Short text fragments from websites:
----------
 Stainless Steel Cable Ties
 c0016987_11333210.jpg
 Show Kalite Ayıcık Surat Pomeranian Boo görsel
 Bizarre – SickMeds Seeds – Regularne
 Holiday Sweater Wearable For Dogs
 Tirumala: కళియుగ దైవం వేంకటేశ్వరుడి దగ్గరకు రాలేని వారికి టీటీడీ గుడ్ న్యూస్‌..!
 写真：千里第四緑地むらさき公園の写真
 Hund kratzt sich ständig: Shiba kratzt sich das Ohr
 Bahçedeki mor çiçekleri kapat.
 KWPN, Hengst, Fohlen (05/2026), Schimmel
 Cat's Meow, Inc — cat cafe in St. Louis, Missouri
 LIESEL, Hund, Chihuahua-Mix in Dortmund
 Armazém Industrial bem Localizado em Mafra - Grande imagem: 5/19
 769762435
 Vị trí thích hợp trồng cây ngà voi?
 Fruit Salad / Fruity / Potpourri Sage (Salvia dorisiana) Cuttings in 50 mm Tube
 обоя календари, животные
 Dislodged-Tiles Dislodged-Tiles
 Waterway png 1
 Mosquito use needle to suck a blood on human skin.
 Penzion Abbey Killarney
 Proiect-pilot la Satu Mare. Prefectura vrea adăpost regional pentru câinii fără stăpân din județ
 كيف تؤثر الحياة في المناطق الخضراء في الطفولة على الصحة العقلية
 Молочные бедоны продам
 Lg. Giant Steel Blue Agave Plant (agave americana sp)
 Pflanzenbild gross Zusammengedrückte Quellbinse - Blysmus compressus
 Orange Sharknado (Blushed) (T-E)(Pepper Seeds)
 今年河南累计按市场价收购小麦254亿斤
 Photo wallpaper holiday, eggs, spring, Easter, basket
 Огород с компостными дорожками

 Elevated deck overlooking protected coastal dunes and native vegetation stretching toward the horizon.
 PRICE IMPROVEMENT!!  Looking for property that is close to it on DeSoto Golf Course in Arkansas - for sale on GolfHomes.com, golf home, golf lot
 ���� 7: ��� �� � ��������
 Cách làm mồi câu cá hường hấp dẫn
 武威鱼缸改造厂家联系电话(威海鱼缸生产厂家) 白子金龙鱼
----------
• Exercise brief
Take the line that contains "Waterway png 1" and each line after it through the end of the records, and repeat them all exactly. Nothing else.

• Result for this task
 Waterway png 1
 Mosquito use needle to suck a blood on human skin.
 Penzion Abbey Killarney
 Proiect-pilot la Satu Mare. Prefectura vrea adăpost regional pentru câinii fără stăpân din județ
 كيف تؤثر الحياة في المناطق الخضراء في الطفولة على الصحة العقلية
 Молочные бедоны продам
 Lg. Giant Steel Blue Agave Plant (agave americana sp)
 Pflanzenbild gross Zusammengedrückte Quellbinse - Blysmus compressus
 Orange Sharknado (Blushed) (T-E)(Pepper Seeds)
 今年河南累计按市场价收购小麦254亿斤
 Photo wallpaper holiday, eggs, spring, Easter, basket
 Огород с компостными дорожками

 Elevated deck overlooking protected coastal dunes and native vegetation stretching toward the horizon.
 PRICE IMPROVEMENT!!  Looking for property that is close to it on DeSoto Golf Course in Arkansas - for sale on GolfHomes.com, golf home, golf lot
 ���� 7: ��� �� � ��������
 Cách làm mồi câu cá hường hấp dẫn
 武威鱼缸改造厂家联系电话(威海鱼缸生产厂家) 白子金龙鱼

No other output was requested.